L’attitude de l’Occident sur le conflit israélo-palestinien est très éloignée de la position dominante dans le monde. Elle est fondée sur l’idée que ce conflit est en continuité avec l’histoire européenne. L’Holocauste a créé Israël, et donc s’attaquer à Israël, c’est refaire l’Holocauste. Or on assiste à un phénomène très surprenant, c’est que le soutien le plus déterminé à Israël et à sa politique ne vient pas du judaïsme occidental ; il vient notamment de ceux qui ont été ou restent encore des antisémites. C’est particulièrement vrai aux États-Unis : là, les forces fondamentales du soutien à Israël ne sont pas les Juifs, mais les chrétiens évangéliques. Et en Europe, surtout en Allemagne, le fait que la critique de la politique israélienne passe facilement pour de l’antisémitisme dit quelque chose des Européens : on flaire partout l’antisémitisme chez les autres, les musulmans en particulier, parce qu’on a peur d’être soi-même resté prisonnier de l’antisémitisme. Je suis très inquiet que l’on continue de confondre depuis un an la Seconde Guerre mondiale avec la guerre au Moyen-Orient. Si les Occidentaux continuent de refuser de voir que c’est tout autre chose, ils vont droit dans le mur. 

Le 7 octobre restera-t-il dans la conscience mondiale comme l’est resté le 11 Septembre ?

Je ne le crois pas. Non que je nie la dimension de ce qui est advenu le 7 octobre. Mais le 11 Septembre est une rupture radicale : la plus grande puissance mondiale, en situation de paix, est attaquée par une organisation terroriste. Le 7 octobre, lui, se situe dans la continuité d’un conflit long, qui existe depuis un siècle et demi. 

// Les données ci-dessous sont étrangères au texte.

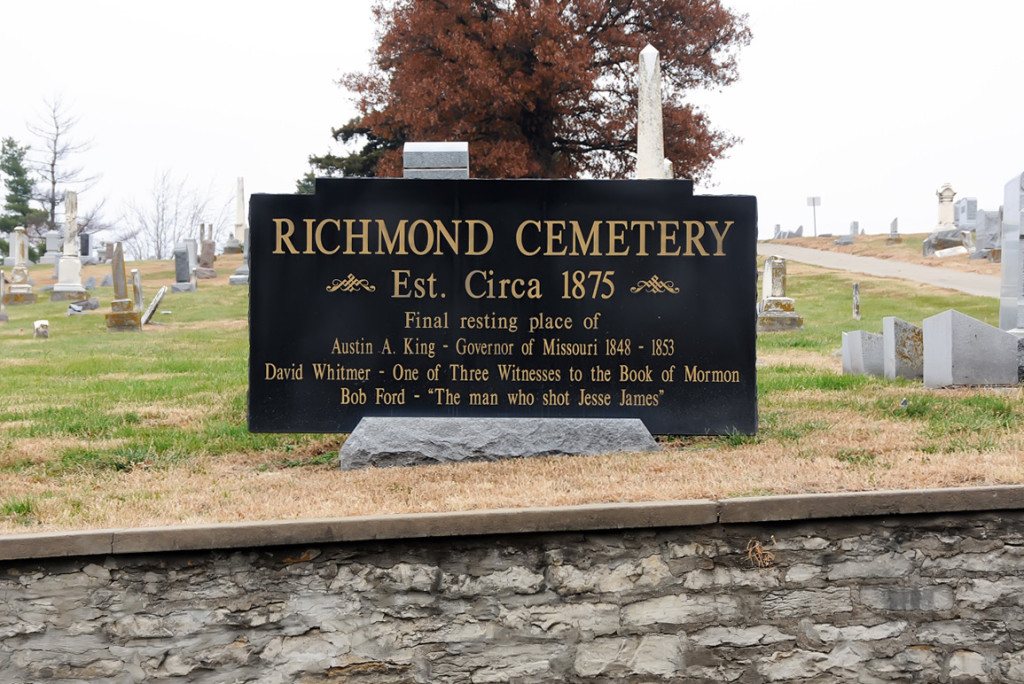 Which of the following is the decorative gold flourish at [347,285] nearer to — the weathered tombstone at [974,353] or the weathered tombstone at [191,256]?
the weathered tombstone at [974,353]

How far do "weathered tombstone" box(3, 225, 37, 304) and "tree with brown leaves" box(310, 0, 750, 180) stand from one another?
11188 mm

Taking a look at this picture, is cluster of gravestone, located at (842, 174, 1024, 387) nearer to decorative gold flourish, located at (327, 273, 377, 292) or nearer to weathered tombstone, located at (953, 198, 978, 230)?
decorative gold flourish, located at (327, 273, 377, 292)

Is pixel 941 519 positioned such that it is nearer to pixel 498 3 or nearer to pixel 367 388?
pixel 367 388

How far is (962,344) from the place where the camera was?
8625mm

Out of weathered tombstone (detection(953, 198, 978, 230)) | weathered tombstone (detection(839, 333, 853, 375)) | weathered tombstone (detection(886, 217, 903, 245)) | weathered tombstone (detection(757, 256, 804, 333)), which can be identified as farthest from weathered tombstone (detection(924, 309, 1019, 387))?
weathered tombstone (detection(886, 217, 903, 245))

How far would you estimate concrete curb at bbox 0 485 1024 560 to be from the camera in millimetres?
4445

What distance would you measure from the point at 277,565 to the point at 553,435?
7.84ft

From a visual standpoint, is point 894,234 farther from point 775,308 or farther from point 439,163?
point 439,163

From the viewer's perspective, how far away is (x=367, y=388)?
6.58m

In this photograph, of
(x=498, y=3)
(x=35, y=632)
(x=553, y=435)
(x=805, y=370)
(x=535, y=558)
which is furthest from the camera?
(x=498, y=3)

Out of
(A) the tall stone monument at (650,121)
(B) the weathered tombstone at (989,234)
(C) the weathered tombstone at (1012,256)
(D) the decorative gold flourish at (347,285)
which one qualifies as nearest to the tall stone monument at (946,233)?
(B) the weathered tombstone at (989,234)

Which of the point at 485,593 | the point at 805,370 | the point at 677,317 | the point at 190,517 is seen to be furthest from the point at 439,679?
the point at 805,370

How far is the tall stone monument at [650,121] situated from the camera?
1748 centimetres

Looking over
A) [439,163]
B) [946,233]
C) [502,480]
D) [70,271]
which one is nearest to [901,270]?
[946,233] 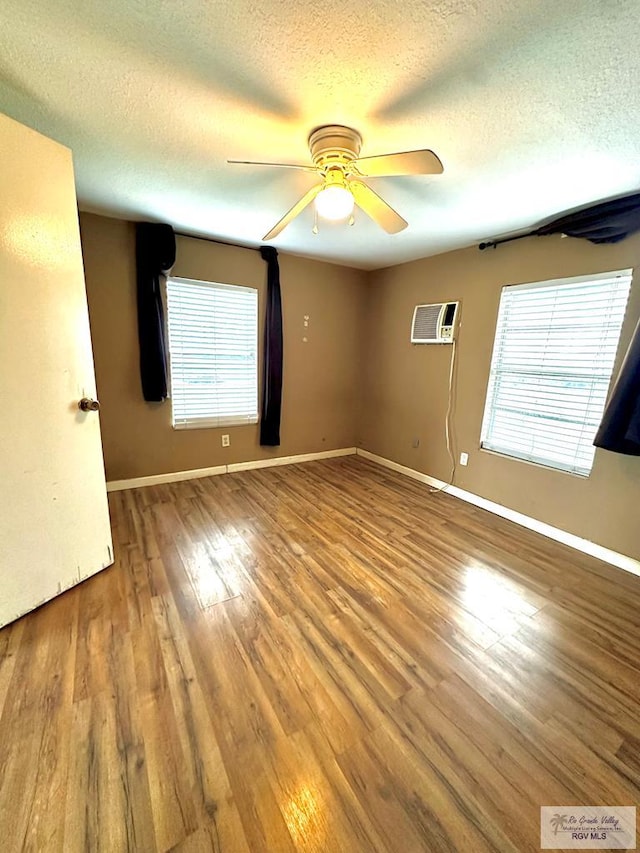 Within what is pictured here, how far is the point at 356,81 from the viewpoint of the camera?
124 cm

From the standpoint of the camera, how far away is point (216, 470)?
12.0ft

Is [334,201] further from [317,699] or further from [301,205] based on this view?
[317,699]

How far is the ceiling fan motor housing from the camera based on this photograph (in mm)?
1486

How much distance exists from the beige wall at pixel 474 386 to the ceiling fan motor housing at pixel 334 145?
186cm

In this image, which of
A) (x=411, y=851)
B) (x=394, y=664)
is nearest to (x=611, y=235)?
(x=394, y=664)

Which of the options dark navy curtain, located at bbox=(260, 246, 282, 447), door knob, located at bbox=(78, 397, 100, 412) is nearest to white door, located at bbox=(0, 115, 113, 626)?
door knob, located at bbox=(78, 397, 100, 412)

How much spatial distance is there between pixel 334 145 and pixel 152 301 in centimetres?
213

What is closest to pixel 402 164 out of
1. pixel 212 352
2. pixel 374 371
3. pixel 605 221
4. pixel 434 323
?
pixel 605 221

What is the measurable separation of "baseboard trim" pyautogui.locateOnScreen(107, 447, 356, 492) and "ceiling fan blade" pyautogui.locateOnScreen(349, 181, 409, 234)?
2.81 meters

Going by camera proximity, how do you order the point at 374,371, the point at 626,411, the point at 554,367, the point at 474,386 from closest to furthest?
the point at 626,411, the point at 554,367, the point at 474,386, the point at 374,371

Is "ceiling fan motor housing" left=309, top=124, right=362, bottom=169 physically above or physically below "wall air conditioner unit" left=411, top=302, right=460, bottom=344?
above

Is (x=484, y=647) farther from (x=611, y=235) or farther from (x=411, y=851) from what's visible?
(x=611, y=235)

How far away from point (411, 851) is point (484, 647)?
0.88 meters

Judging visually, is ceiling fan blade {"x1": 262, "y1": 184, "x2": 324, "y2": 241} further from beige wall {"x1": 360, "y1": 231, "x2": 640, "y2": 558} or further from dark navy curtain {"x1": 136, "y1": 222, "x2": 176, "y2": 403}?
beige wall {"x1": 360, "y1": 231, "x2": 640, "y2": 558} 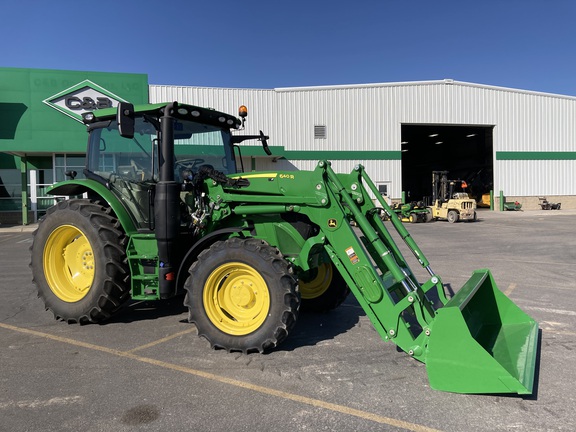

Une sortie de crise est-elle possible ? 

Le pire serait une confrontation générale sans aucun respect du droit international qui, au-delà des Palestiniens, s’étendrait à l’ensemble des populations arabes et mènerait aux deux apocalypses menaçant l’humanité : une guerre nucléaire ou une guerre entre grandes puissances. La clé d’une sortie de crise serait la répudiation définitive du projet du Grand Israël par les élites politiques et intellectuelles israéliennes. Or les sondages israéliens montrent que c’est l’inverse qui se passe. Personnellement, je ne vois pas d’issue. Et malheureusement, je suis convaincu que nous sommes entrés au Moyen-Orient dans un cycle de violences long et de plus en plus sanglant.